Content – Energy sources
The Stirling engine is different from the internal combustion engine since it operates as a closed-cycle heat engine. The gasous working fluid undergoes cyclic compression and expansion at different temperatures such that there is a conversion of heat energy into mechanical work. The working fluid is contained within the system and usually is air, hydrogen or helium.
The working fluid (gas) is compressed in the colder section of the engine and expanded in the hotter section. If an regenerative heat exchanger is included or attached this will increase the thermal efficiency of the engine compared to simpler engines.
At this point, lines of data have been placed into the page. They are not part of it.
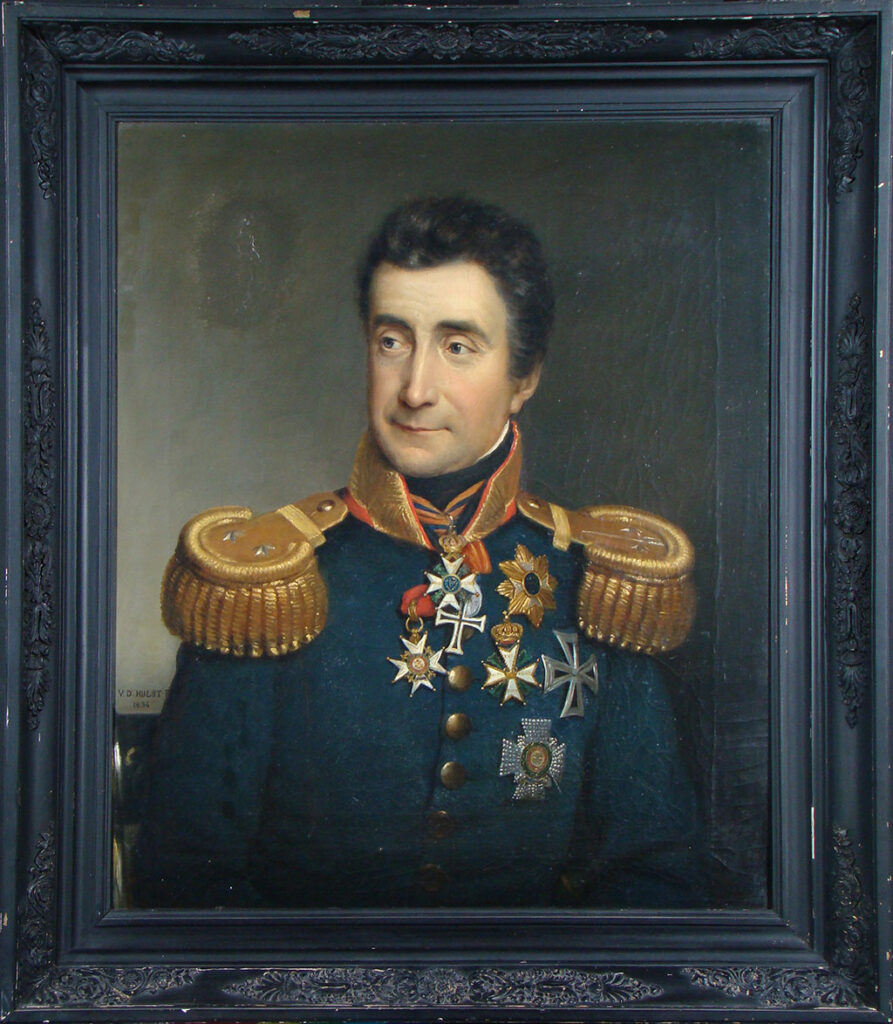 Een vriendelijk ogende man met donker kort haar, licht grijzend aan de slapen kijkt naar rechts. Hij dracht een uniform met forse gouden epauletten en een hoge rechte gouden kraag. Om zijn nek en op zijn uniform heeft hij diverse medailles, ere- en ordetekens.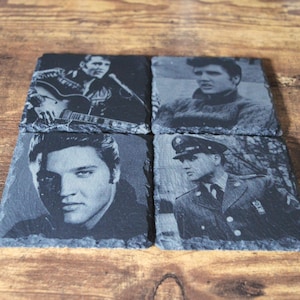 May include: Four square slate coasters featuring black and white images of Elvis Presley. The images show Elvis in various poses, including playing guitar, and in a military uniform. The coasters are arranged on a wooden surface.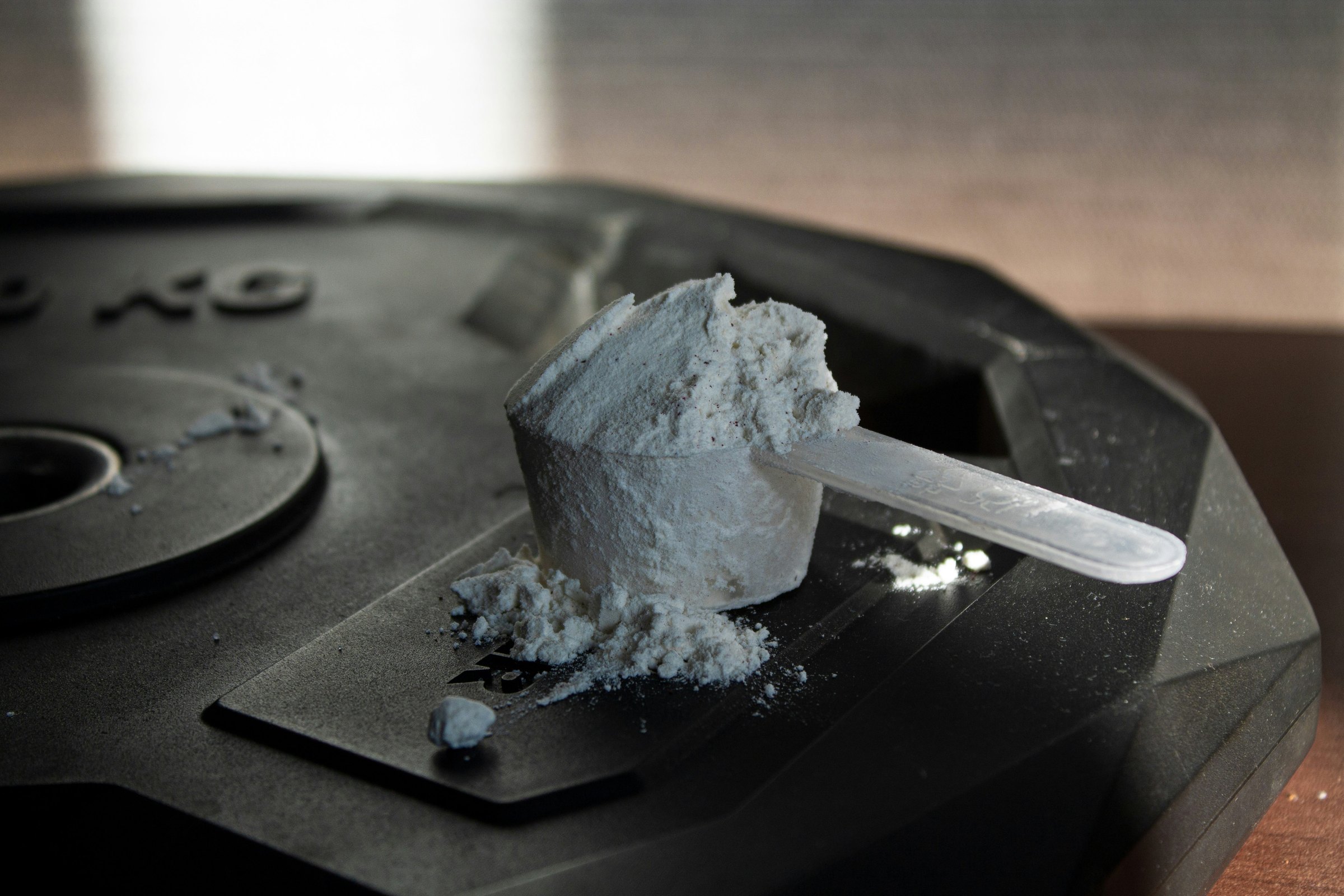 黑色槓鈴片上放著一匙滿滿的白色粉末，量匙旁散落少許粉末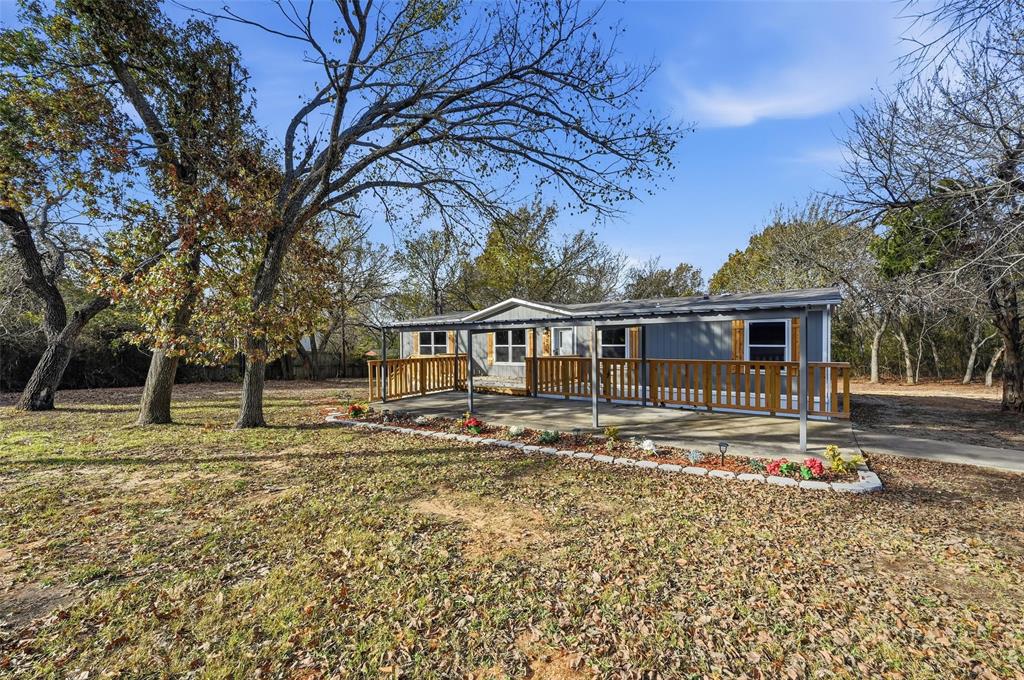 279 Carlisle Court Springtown, TX 76082 - Photo 2 of 22 a front view of a house with a garden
The Stirling engine`s four ideal thermodynamic processes:
Isothermal Expansion – The working fluid (gas) undergoes near-isothermal expansion absorbing heat from the heat source.
Isovolumetric (isochoric or constant-Volume) heat-removal – The working fluid (gas) passes through the regenerator, where it cools, transferring heat to the regenerator for use in the cycle to follow.
Isothermal Compression – The working fluid (gas) undergoes near-isothermal compression ransferring heat to the cold sink
Isovolumetric (isochoric constant-volume) heat-addition – The gas passes in opposite direction through the regenerator where it recovers the majority of the heat transferred during the Isovolumetric heat-removal , heating up on its way to the expansion space.
- The alpha configuration. – This configuration consist of two power pistons, one in a hot cylinder and one in a cold cylinder, the working fluid (gas) is driven between the two cyslinders by the pistons.
- The beta configuration. – This configuration has a one cylinder with a hot end and a cold end, containing a power piston and a ‘displacer’ that drives the gas between the hot and cold ends.
- The gamma configuration. – This configuration has two cylinders: one containing a displacer, with a hot and a cold end, and one for the power piston; they are joined to form a single space with the same pressure in both cylinders.
The actual efficiency of Stirling machines is linked to the environmental temperature and internal losses. Higher efficiency is obtained when the ambient temperature is lower. As with other external combustion engines, Stirling engines can use more or less any heat sources.